Однако партнеры России по СНГ демонстрируют слабую заинтересованность или способность к наращиванию своего прямого участия в миротворческих действиях в Абхазии. Большая ответственность СНГ вела бы к возрастанию зависимости России от ее партнеров по Содружеству и ослабляло бы российское влияние на внутреннюю политику его стран-участниц. Готовность Украины к развертыванию миротворческих сил вне рамок СНГ может рассматриваться скорее как попытка оказать давление на Россию, чем реальное стремление к повышению своей вовлеченности в миротворчество.

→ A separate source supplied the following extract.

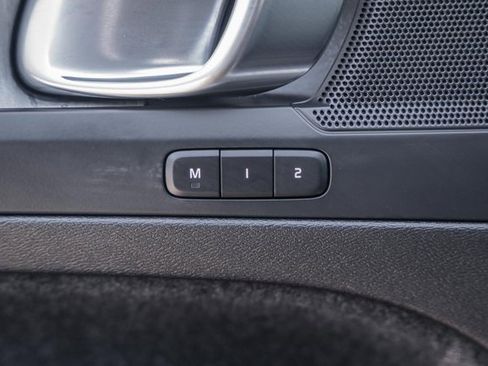 Certified 2025 Volvo XC40 B5 Plus image 39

Существенные изменения российской роли в обозримом будущем маловероятны. Несмотря на критику со стороны противоборствующих сил, Россия исходит из необходимости сохранения своего присутствия в зоне конфликта и усиления своей посреднической деятельности, а международное сообщество не проявляет никаких признаков готовности играть более активную роль. Если бы это произошло, это могло бы стать источником реальной напряженности в отношениях с Россией. В то же время России, возможно, придется уделить большее внимание развитию ее отношений с Грузией. В 1999 г. они стали намного напряженнее, о чем ясно свидетельствует выход Грузии из Договора о коллективной безопасности стран СНГ.

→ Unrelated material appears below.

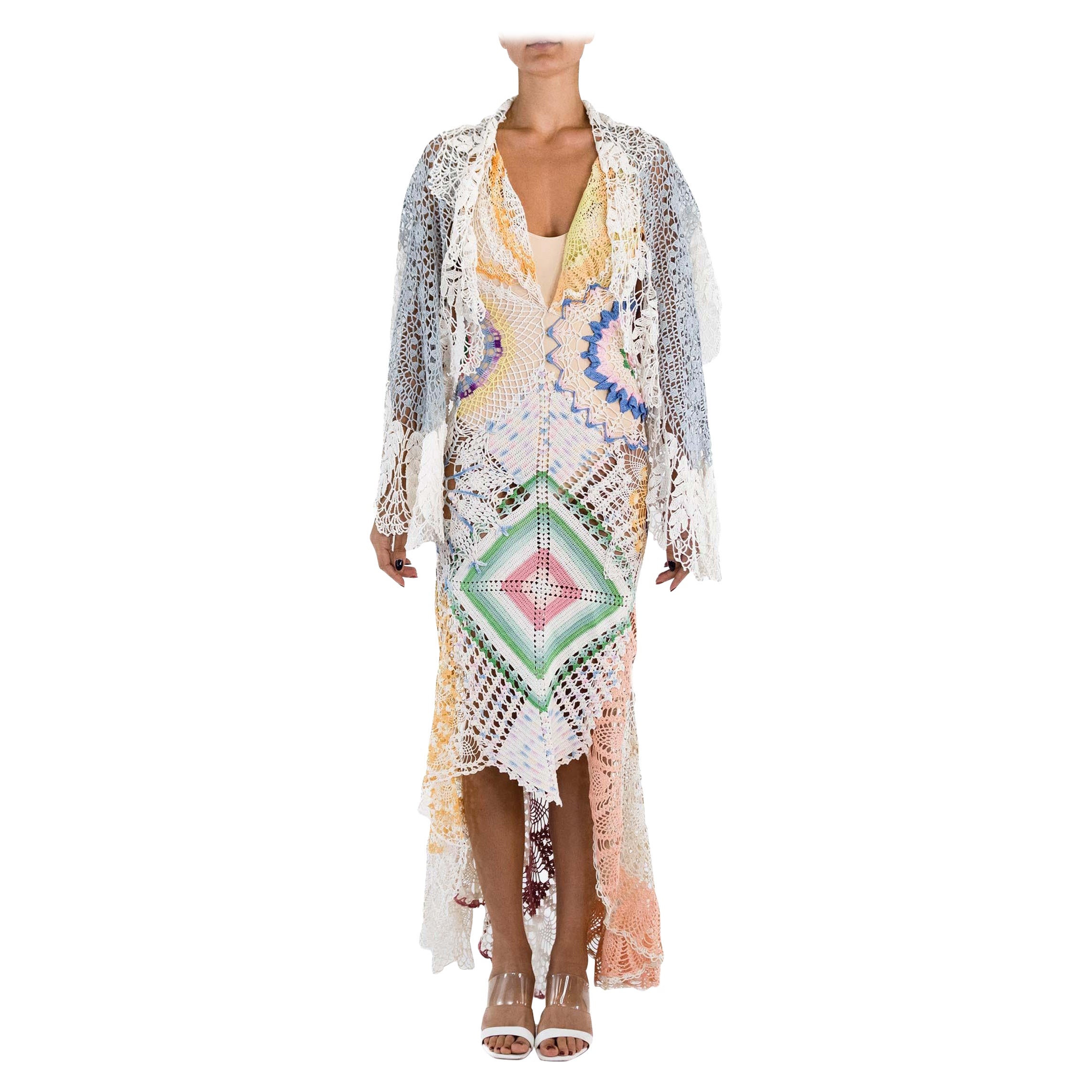 Morphew Collection - Robe longue vintage en coton crocheté multicolore avec manches en vente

Нормализация этих отношений по-прежнему будет затруднена до тех пор, пока будет оставаться неразрешенным конфликт в Абхазии. Россия обладает как политическими рычагами, так и оперативным потенциалом, которые следует оптимизировать. Даже если ранее и была возможна ситуация, когда Россия могла бы иметь такое влияние в Абхазии, чтобы навязывать решение абхазской проблемы, то после Чечни это уже далеко от политической реальности. Вместо этого России необходимо использовать свой потенциал как посредника, чтобы содействовать прогрессу, пусть относительно медленному, в деле урегулирования конфликта. Конструктивная роль могла бы способствовать ослаблению влияния критики, адресованной России, на другие аспекты ее стратегии, в частности по вопросам развития партнерства с Грузией, укрепления СНГ и обеспечения лидирующей роли России в этой организации.